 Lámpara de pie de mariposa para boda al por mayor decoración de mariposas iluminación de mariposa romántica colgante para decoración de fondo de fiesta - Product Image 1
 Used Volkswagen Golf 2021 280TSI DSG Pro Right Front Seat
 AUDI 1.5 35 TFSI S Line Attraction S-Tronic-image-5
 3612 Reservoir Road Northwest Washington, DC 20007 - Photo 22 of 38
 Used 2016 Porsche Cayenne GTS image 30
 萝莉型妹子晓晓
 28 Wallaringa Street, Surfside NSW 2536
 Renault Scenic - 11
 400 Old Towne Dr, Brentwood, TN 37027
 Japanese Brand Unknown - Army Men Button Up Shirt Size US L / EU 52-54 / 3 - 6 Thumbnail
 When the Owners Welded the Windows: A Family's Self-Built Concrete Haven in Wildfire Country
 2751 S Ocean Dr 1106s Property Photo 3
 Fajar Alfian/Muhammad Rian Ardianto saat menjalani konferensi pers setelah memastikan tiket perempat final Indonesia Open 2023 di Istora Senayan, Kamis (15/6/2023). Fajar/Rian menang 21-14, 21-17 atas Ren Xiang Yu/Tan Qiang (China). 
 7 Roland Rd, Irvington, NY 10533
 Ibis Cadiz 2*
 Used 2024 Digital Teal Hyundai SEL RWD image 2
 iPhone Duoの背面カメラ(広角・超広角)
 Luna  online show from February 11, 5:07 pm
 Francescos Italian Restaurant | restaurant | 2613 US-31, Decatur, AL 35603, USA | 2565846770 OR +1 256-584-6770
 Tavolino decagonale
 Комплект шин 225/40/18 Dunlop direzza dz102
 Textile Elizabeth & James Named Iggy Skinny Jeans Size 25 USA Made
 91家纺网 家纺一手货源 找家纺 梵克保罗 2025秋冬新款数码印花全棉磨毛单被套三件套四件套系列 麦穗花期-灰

★ ★ ★ ★ ★

With "Used" as the string to find, copy every line of the records that holds it.

 Used Volkswagen Golf 2021 280TSI DSG Pro Right Front Seat
 Used 2016 Porsche Cayenne GTS image 30
 Used 2024 Digital Teal Hyundai SEL RWD image 2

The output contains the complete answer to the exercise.